Bugün iki konu var aklımda kalan:
1. Bir anma ilanı: Siz ne yapıyorsunuz bilmem ama ben bir gazeteyi elime aldığımda oraya basılı her sözcüğü okurum. Vefat ilanları da buna dahil. Onlardan da çok şey öğrenirim, kim kimin nesiymiş gibi… Dün bir anma ilanı dikkatimi çekti, içime oturdu. Fikret adında biri Ayşe’sine seslenmiş: “Bugün sensiz geçen uzun beş yılın sonu. Seni çok ama çok özlüyorum…” Fikret’in “uzun beş yıl”ındaki “uzun”da o kadar çok “u” harfi vardır ki, saymak mümkün değildir eminim.. Ya da özlemini dile getirdiği “çok” sözcüğü zihninde milyonlarcadır. Sevgililer gününde yitirmiş sevgilisini. Her zamansız biten ilişki, her yarıda kalan aşk insanın sürekli kendini yutan girdabıdır diye düşünürüm. Sabırdan başka bir şey dilenemez…

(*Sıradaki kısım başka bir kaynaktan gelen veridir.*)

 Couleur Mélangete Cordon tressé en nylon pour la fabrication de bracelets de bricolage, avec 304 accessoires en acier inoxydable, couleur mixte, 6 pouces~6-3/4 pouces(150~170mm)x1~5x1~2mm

2.Bozuk saat bile günde iki kez doğruyu gösterir sözü: Avrupa Parlamentosu Liberal Grup üyesi İngiliz Parlamenter Andrew Duff Türkiye’ye karşı sert tavrıyla bilinir. Kimbilir belki de dedelerinden biri Kurtuluş Savaşı sırasında Ege’ye dökülmüştür. Bu kez de demiş ki “Kıbrıs sorunu çözülmezse Türkiye’nin AB katılım süreci biter.” Hani bir akademisyen olmanın sorumluluğu olmasa “Çok umurumdaydı” diyesim geliyor. Onların çözüm önerileri malumunuz, ver kurtul. Bizimki öyle değil. Yani en azından eskiden öyle değildi. Dolayısıyla Duff’un baktığı yön başka, bizimki başka da olsa bu defa haklı, Kıbrıs sorunu (eşit haklarla) çözülmezse AB’ye katılım sürecimiz bitsin zaten.